Interesting NUMA issues in current SuSE kernel

One of our development systems is a dual socket system with 2 dual core Opteron 275 chips. 4 GB ram, nice disk config, and a quadro fx/1400. This is a good machine t work on.
I had set it up with SuSE 9.x, and had left it at 9.3 for quite a while. Recently we upgraded it to SuSE 10.0 Pro. More modern kernel, somewhat updated apps. I thought it would be nice to stay somewhat current.
We use this for building and testing our accelerated HMMer code. This code is 1.6-2.5x faster than the binaries from the WUSTL site. Source code changes, and we are finalizing a new release of it.
I ran our old binary, and we consistently hit 41 seconds on the benchmark test. Our new version started out giving us 85 seconds as its run time. This didn’t make sense. Ok, return to the our original set of changes. 85 seconds. Except every now and then, we get one about 40 seconds.
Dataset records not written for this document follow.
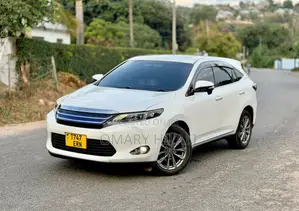 Toyota Harrier 2015 Pearl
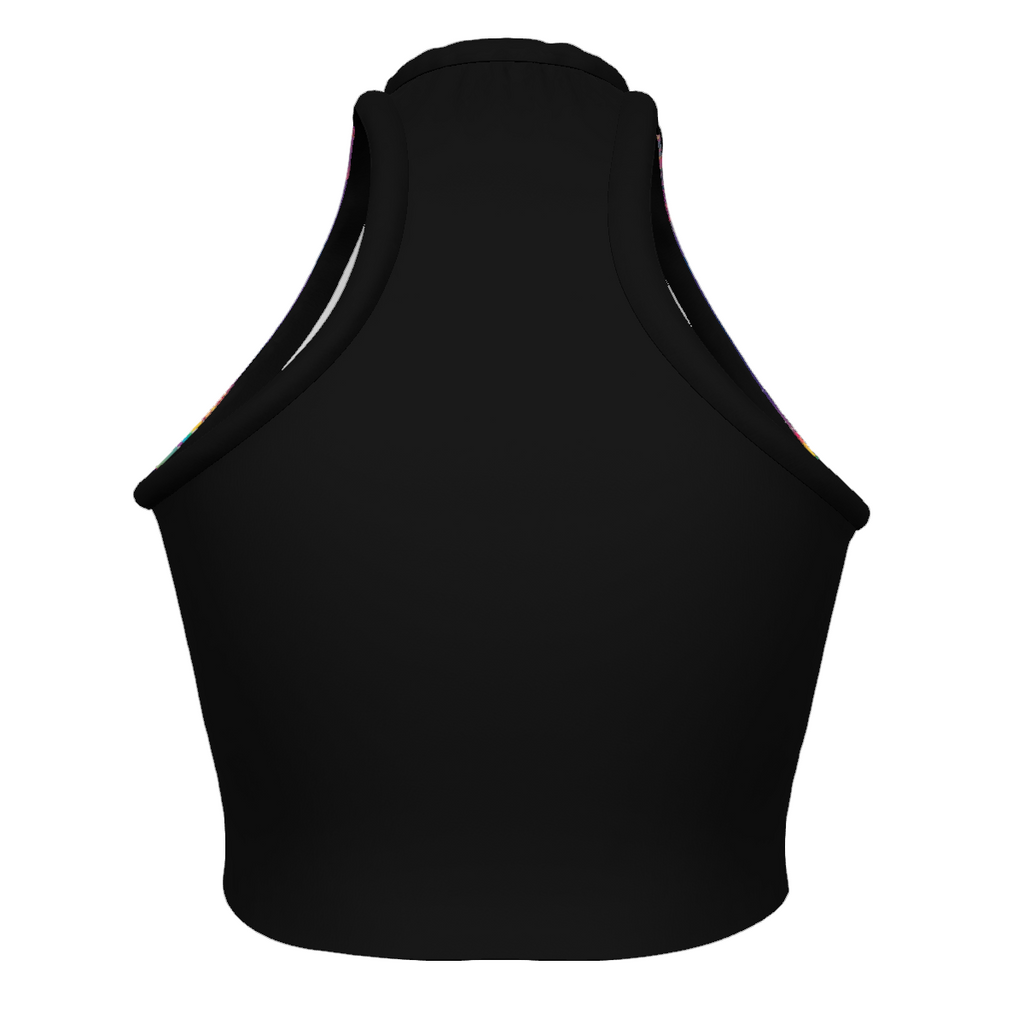 All Over Print Custom Women's Crew Neck Tank Top
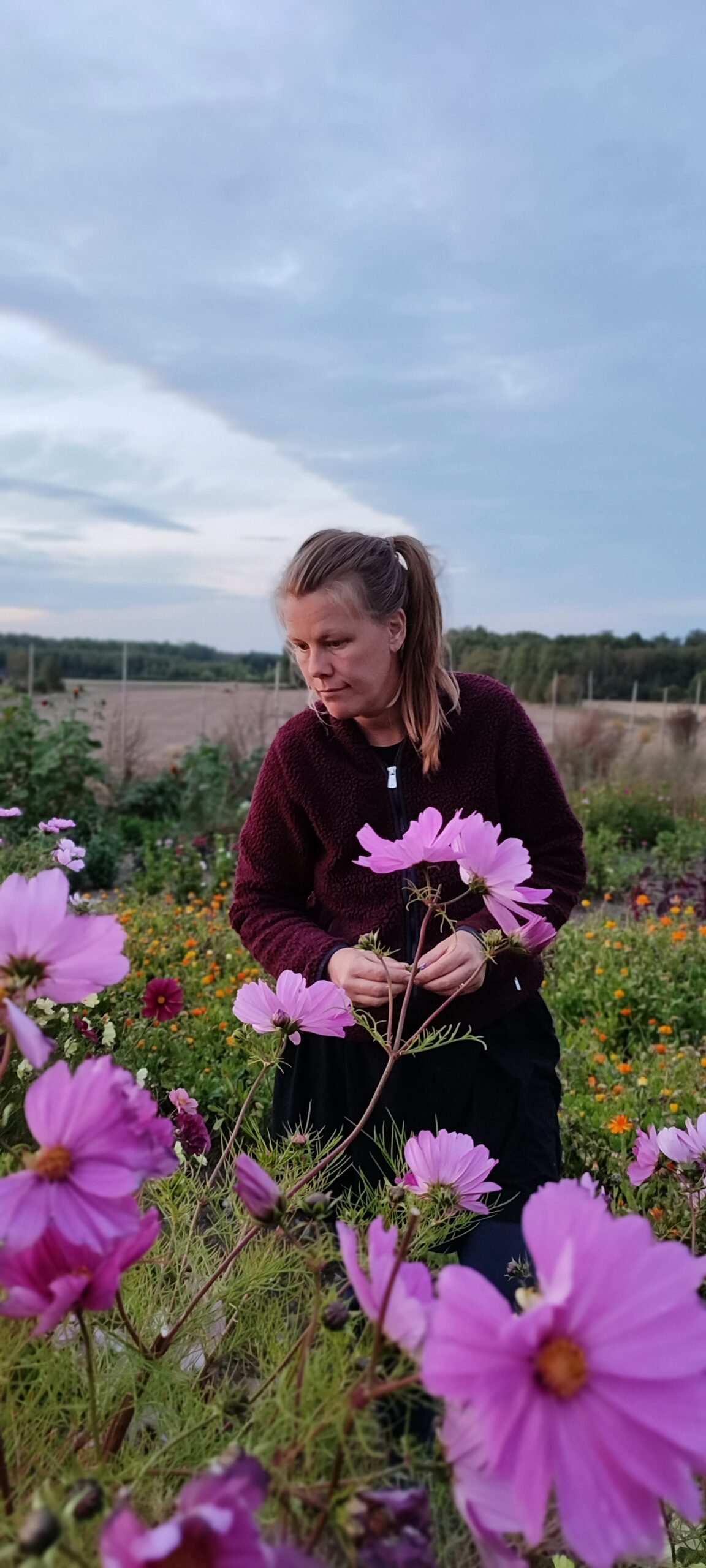 Karin på Närkesblomman, Örebro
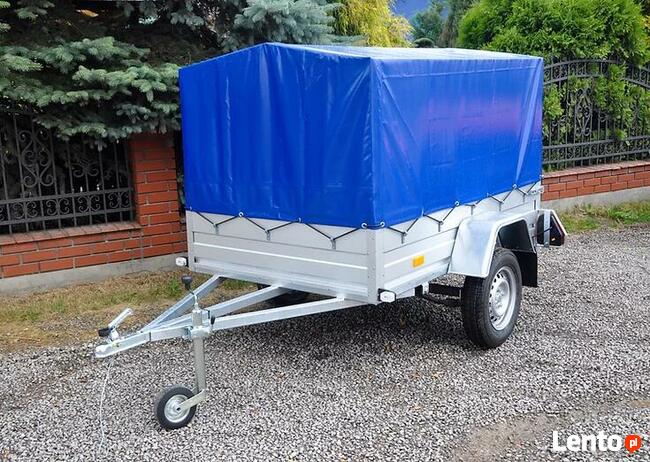 Przyczepa RYDWAN 200x130x110 Katowice, od ręki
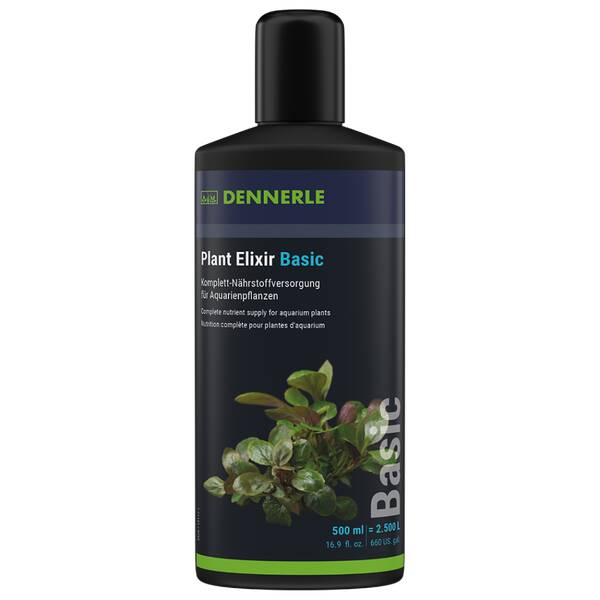 Dennerle Plant Elixir Basic 500ml Dennerle Plant Elixir Basic 500ml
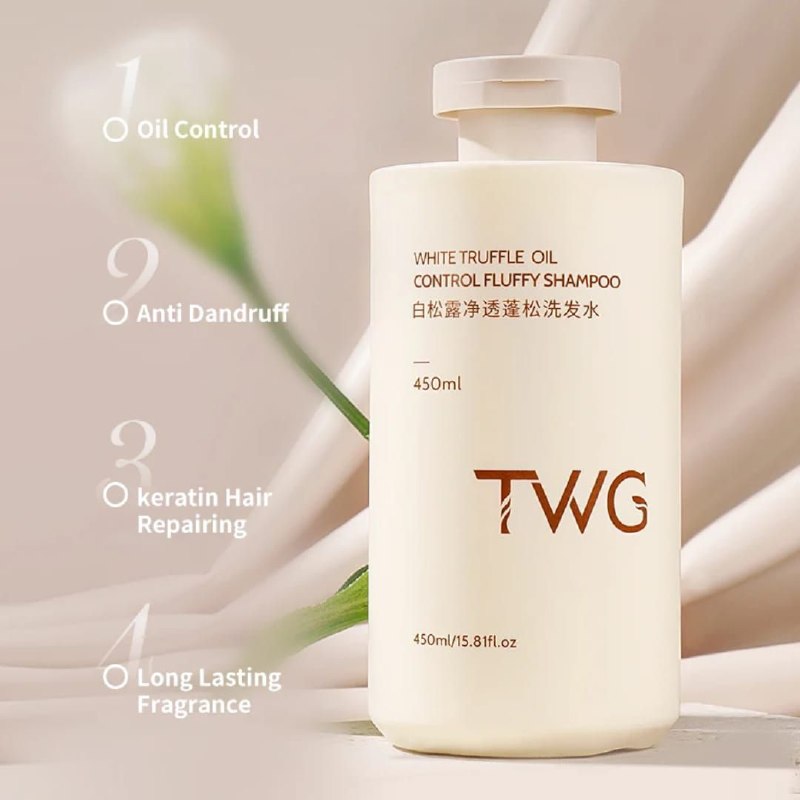 مجموعة شامبو وبلسم وسيروم عطري ومثبت للشعر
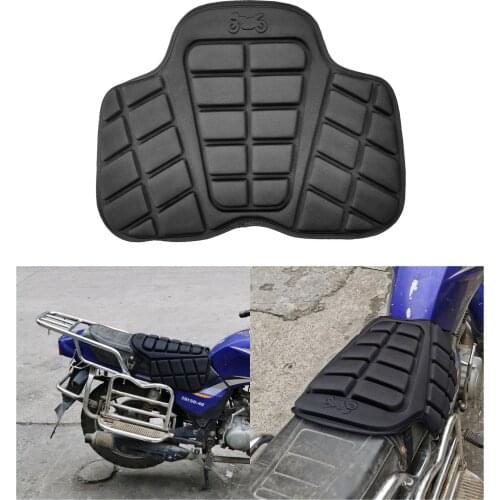 Motorcycle Breathable Adjustable Seat Cushion Ride Cooling Down Seat Pad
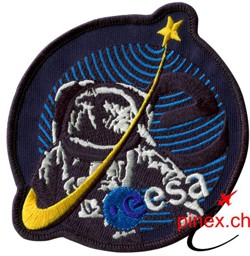 Bild von European Space Agency ESA Logo Abzeichen Patch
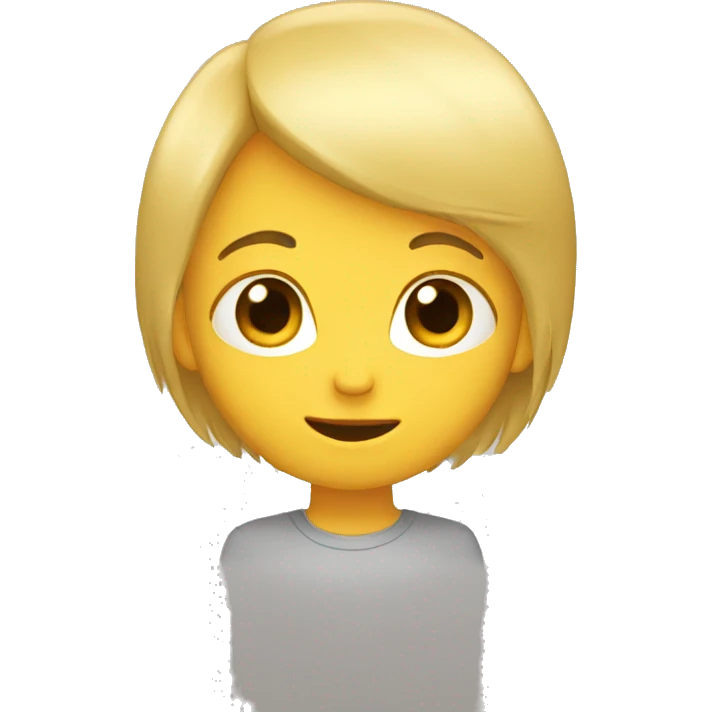 shy emoji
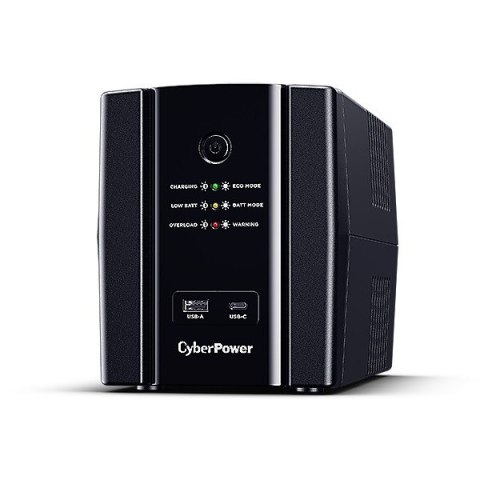 Zasilacz awaryjny UPS UT1500EG-FR 1500VA/900W 4ms/AVR/4xFR/RJ11/RJ45 CyberPower
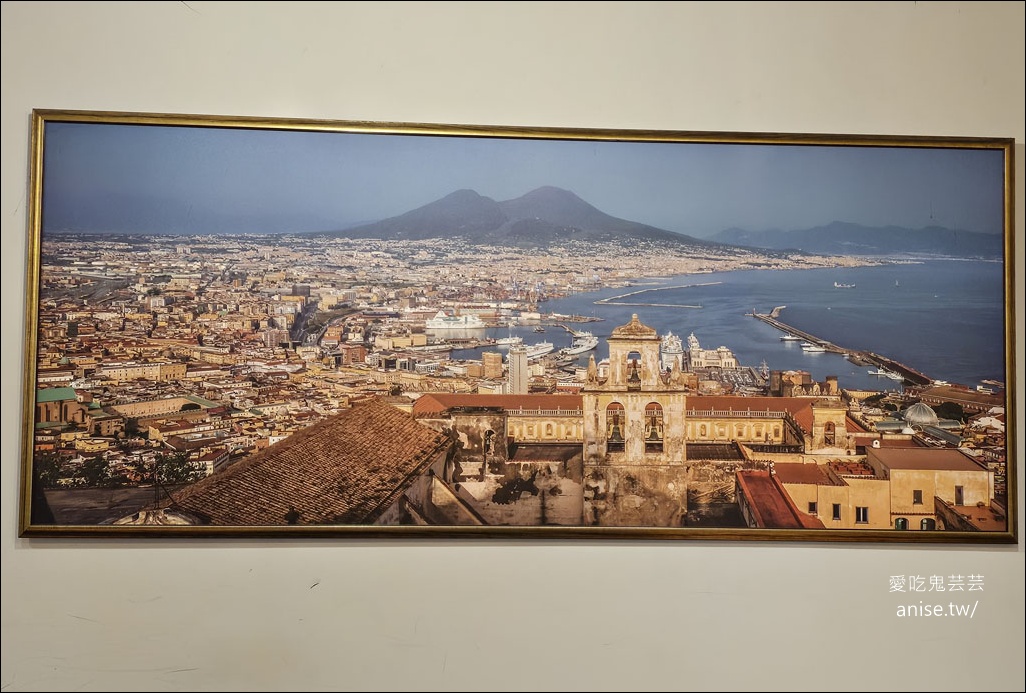 旋轉披薩Gira Pizza，道地拿坡里Pizza 超好味！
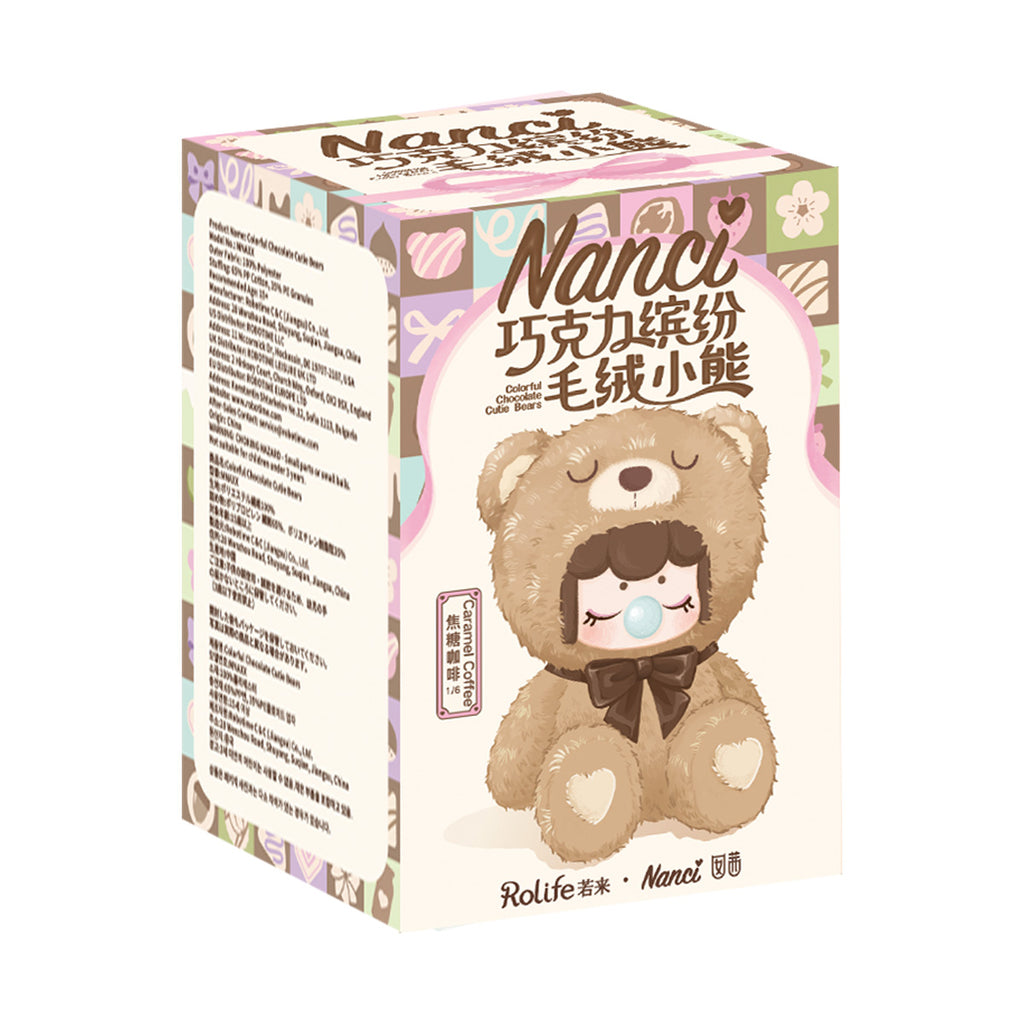 Rolife Nanci Chocolate Series Blind Box – Collectible Dolls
Hmmm…. Remember, Opteron is a NUMA architecture. Lets see what happens when we pin the CPU and memory to a particular node.
Run the same binary that gives us 85 seconds this way with numactl. 39 seconds. Rerun it this way. 10, 20, 30 times. Consistently 39 seconds. Take off the CPU pinning switch, but leave on the memory pinning switch. Varies between 39 and 41 seconds. Take off the memory pinning switch. Back to the 85 seconds with an occasional 39 second run. Force th memory on one node and the cpu on another. 41 seconds consistently. Force the memory to the 0 node. 85 seconds, consistently.
I don’t think this is a hardware problem. Likely a kernel bug. I noticed something similarly strange when running the full suite of HMMer benchmark. Great scalability from 1-3 threads, and the 4th thread killed performance. This is the same binary that ran great on this same hardware with the older OS.
I might just load the older OS in a different set of partitions and see if we still see this. SuSE 10.1 is coming out soon, so maybe it is worth looking at that.